Bezos–Sánchez Wedding in Venice Sparks Backlash and Intrigue
Jeff Bezos and Lauren Sánchez are set to wed in Venice from June 24 to 26, 2025—a lavish three-day celebration promising star power and glitter. But the extravagant plans are drawing local ire, fueling protests, and testing Venice's capacity to accommodate such a mega-event.
Potential venues include historic sites like the Scuola Grande della Misericordia, the Fondazione Giorgio Cini on San Giorgio Maggiore, and Bezos’s superyacht Koru anchored nearby. Local wedding planners Lanza & Baucina, famous for organizing George and Amal Clooney’s 2014 Venice wedding, are orchestrating the event. About 200 guests are expected—including celebrities such as Oprah, Mick Jagger, Kim Kardashian, Leonardo DiCaprio, and possibly Ivanka Trump. The wedding reportedly carries a $9–10 million price tag and is being hailed as the “wedding of the century.” It's poised to boost local businesses: luxury hotels are fully booked, cinque-star palazzos are reserved, and water taxis and yacht spaces have been cleared for Bezos's entourage. Activist group "No Space for Bezos" has plastered banners reading “No Space for Bezos” and “If you can rent Venice for your wedding, you can pay more tax” around landmarks like Rialto Bridge and Piazza San Marco. Protesters are planning peaceful canal blockades—bowing out of yachts or balloons—demanding the city not become a playground for billionaires.

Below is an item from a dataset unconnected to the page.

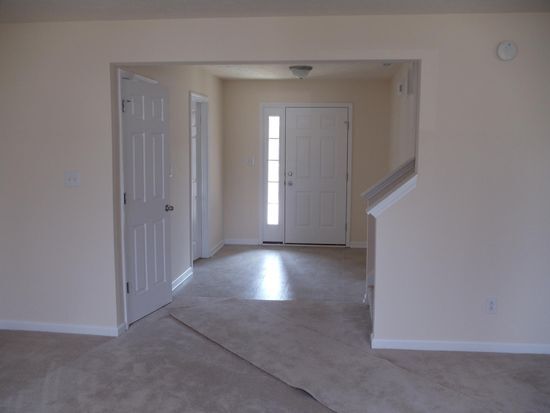 Entry with 1/2 bath - 1218 Turner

Greenpeace unfurled a banner at St Mark’s Square calling for increased billionaire taxes, pointing to concerns over tax avoidance and elitism. In response to both protests and geopolitical concerns (nearby U.S. bases and tensions in the Middle East), Venice has deployed tight security, reserved all nine yacht ports, banned drones, and even involved former U.S. Marines. Mayor Luigi Brugnaro remains supportive, stating the wedding “brings millions in economic returns” and likening the protests to "pain-in-the-ass" disruptions that Venetians can weather.
Opponents argue the city is already under strain from mass tourism, and the wedding underscores how Venice is becoming a "showcase" for the ultra-rich—cannibalizing limited space and driving out locals. Organizers counter that 80% of goods and services, from Murano glass to local pastries, come from Venetian suppliers, and they've pledged minimal disruption with carefully curated logistics.
Bezos and Sánchez’s Venice wedding is more than haute couture and A-list guests—it’s a clash of spectacle and civic pride. A high-risk, high-reward event for Venice, it poses tough questions about the impact of extreme wealth, global tourism, and local culture. For now, everyone’s watching—locals, celebrities, and activists alike—waiting to see if this glamorous event becomes a moment of unity or division.